What should you do if training loss does not decrease? (part 1)
I was working on a time-series classification problem for my PhD thesis a few of months ago. I was experimenting with a decoder-less transformer, similart to BERT. The problem was that no matter what I did, the training loss would not decrease. I worked on this problem for almost 5 weeks. At first, I focused on fine-tuning hyper-parameters. My first thought was that the issue was the learning rate. I performed a lot of study on learning rate choices and the well-known learning rate schedulers. I was thinking that I was using an incorrect learning rate, which resulted in either skipping or failing to achieve the minima. As shown in the image below:
source: http://www.bdhammel.com/learning-rates/
I experimented with all of the learning rate schedulers. I tried almost all of the schedulers in this kaggle link. Training loss was not decreasing no matter what. I was upset since my paper submission date had passed. I attempted so many techniques that I may detail them in another post, but for now, I’ll just focus on the solution. I had these two lines somewhere in my pre-processing code:
X_train = shuffle_along_first_axis(X_train)
y_train = shuffle_along_first_axis(y_train)
where shuffle_along_first_axis
is defined as:
def shuffle_along_first_axis(arr: np.ndarray):
arr_len = arr.shape[0]
shuffled_indices = np.random.permutation(arr_len)

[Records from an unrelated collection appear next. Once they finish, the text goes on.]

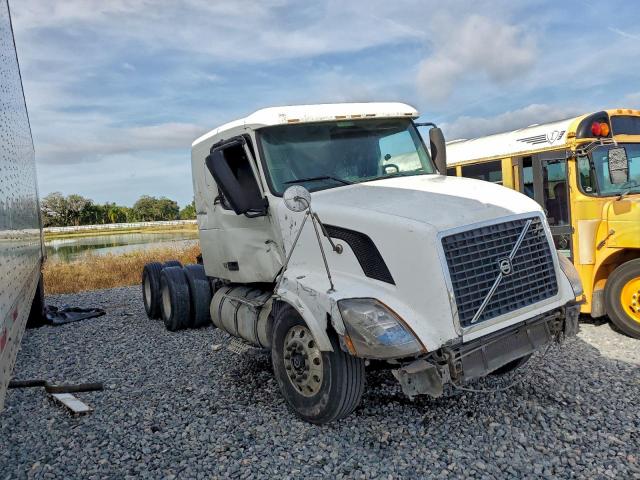  Salvage Volvo Vnl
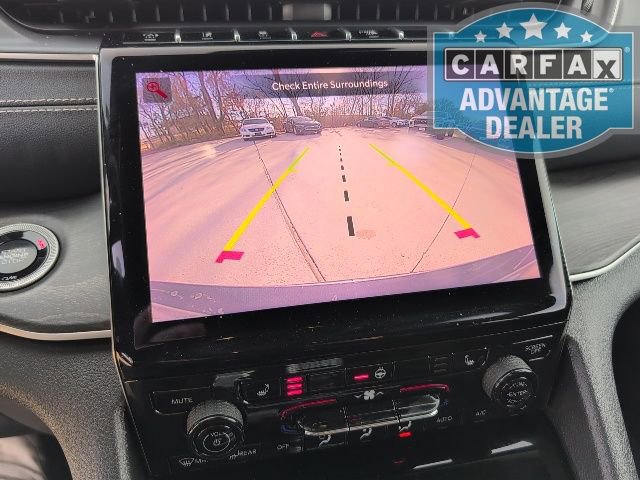 Used 2025 Jeep Grand Cherokee L Limited w/ Black Appearance Package image 24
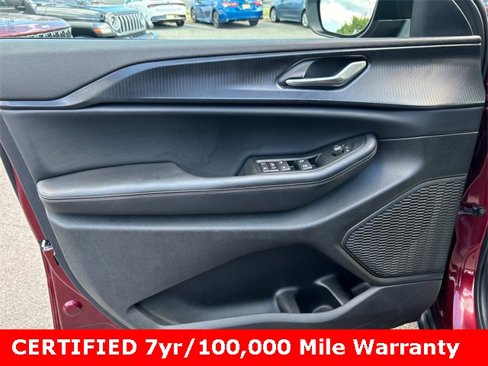 Certified 2025 Jeep Grand Cherokee L Laredo w/ Luxury Tech Group I image 16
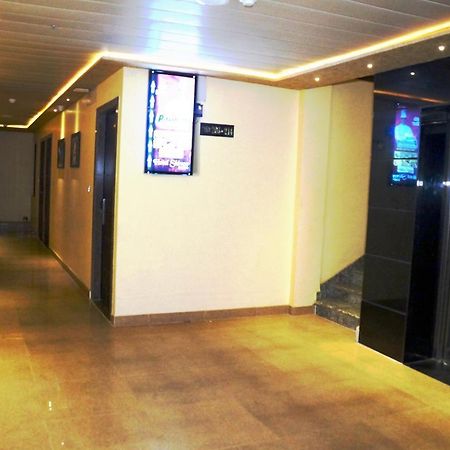 Hotel Shivoy Grand Βαρανάσι Εξωτερικό φωτογραφία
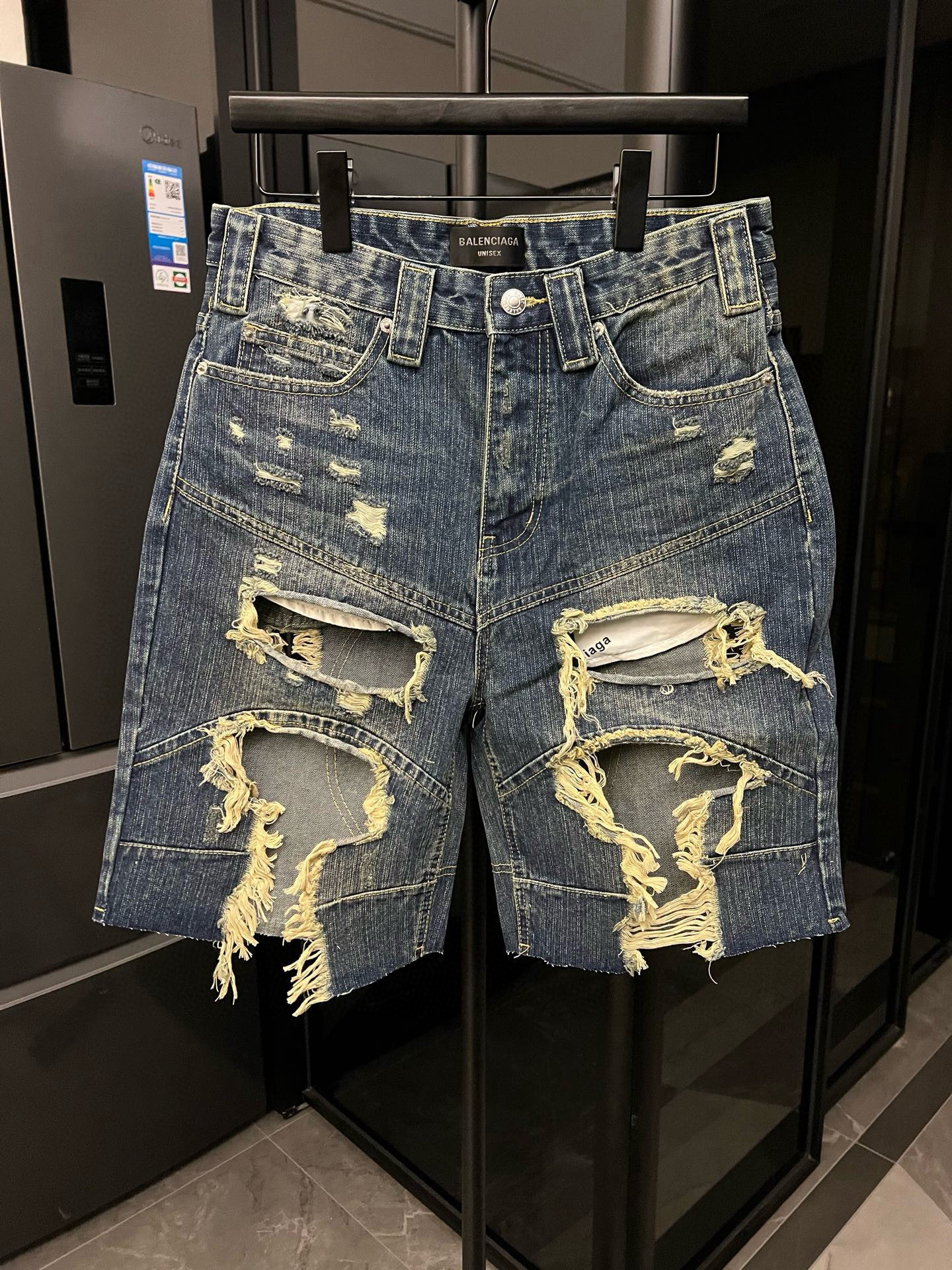 Balenciaga Pants — 88af7623 Angle 1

return arr[shuffled_indices]
I guess you can see my error by looking at these two blocks of code. I was shuffling X
and y
arrays independently. As a result, the labels no longer correlate to the associated input. This critical (and dumb) error cost me nearly two months of my life. I discovered this mistake by overfitting the network with only a few samples. However, as I increased the number of samples to more than ten, the training loss stopped to decrease. So I discovered that something is wrong with my data. The problem was resolved when I removed these two lines of code, and then the network began to learn. I hope this advice will be useful to you and will help you to save some time.
TL;DR
Always double-check your shuffling code to ensure that X
and y
are shuffled together.